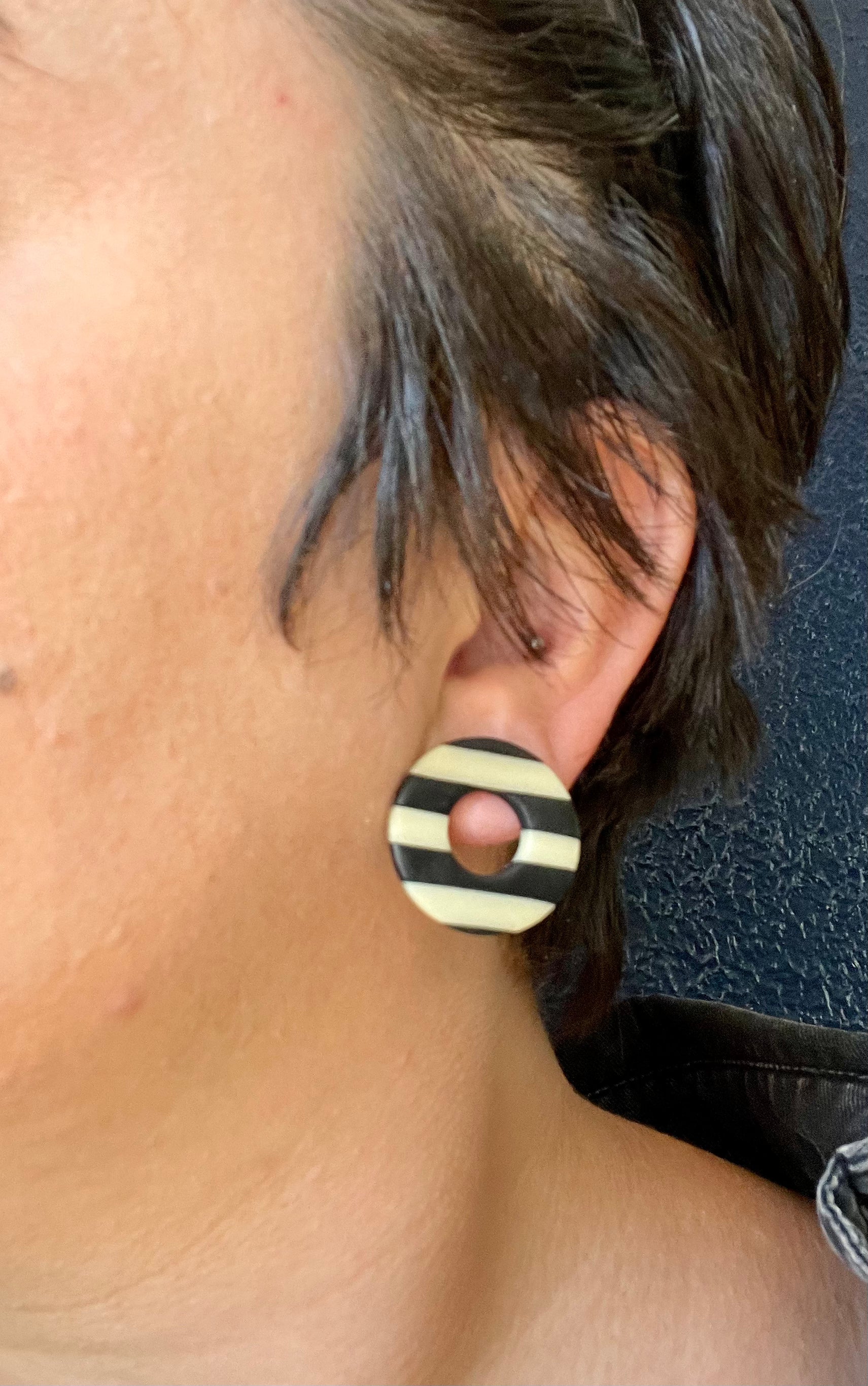 Handmade glow in the dark striped circle studs, showcasing unique patterns and colors, perfect for bold fashion statements.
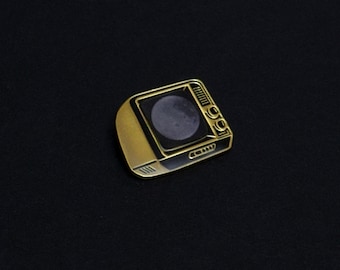 Oro con "Luna giratoria"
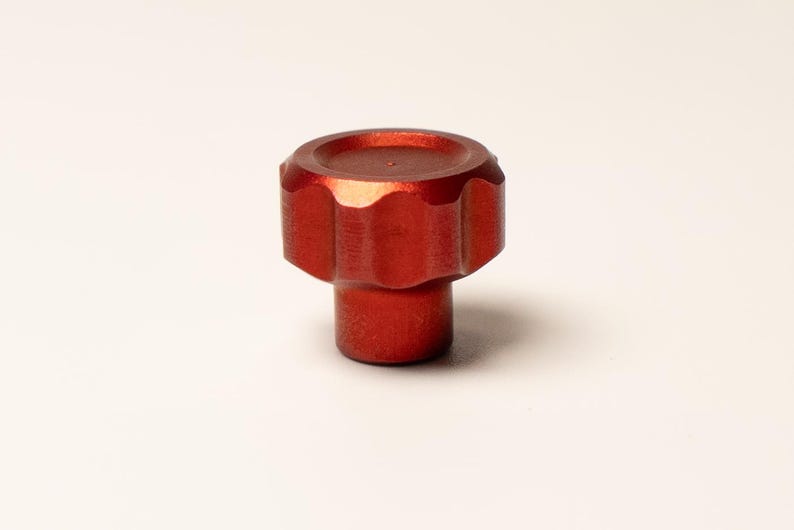 Puede incluir: Un pomo de metal rojo con un borde acanalado y una base cil&iacute;ndrica. El pomo tiene una superficie texturizada para el agarre y probablemente se utiliza para ajustar o apretar. El objeto est&aacute; sobre un fondo blanco liso.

■ Your instructions:
All text in the material above must be written out exactly; the images are to be skipped.

■ Exercise solution:
 Handmade glow in the dark striped circle studs, showcasing unique patterns and colors, perfect for bold fashion statements.
 Oro con "Luna giratoria"
 Puede incluir: Un pomo de metal rojo con un borde acanalado y una base cil&iacute;ndrica. El pomo tiene una superficie texturizada para el agarre y probablemente se utiliza para ajustar o apretar. El objeto est&aacute; sobre un fondo blanco liso.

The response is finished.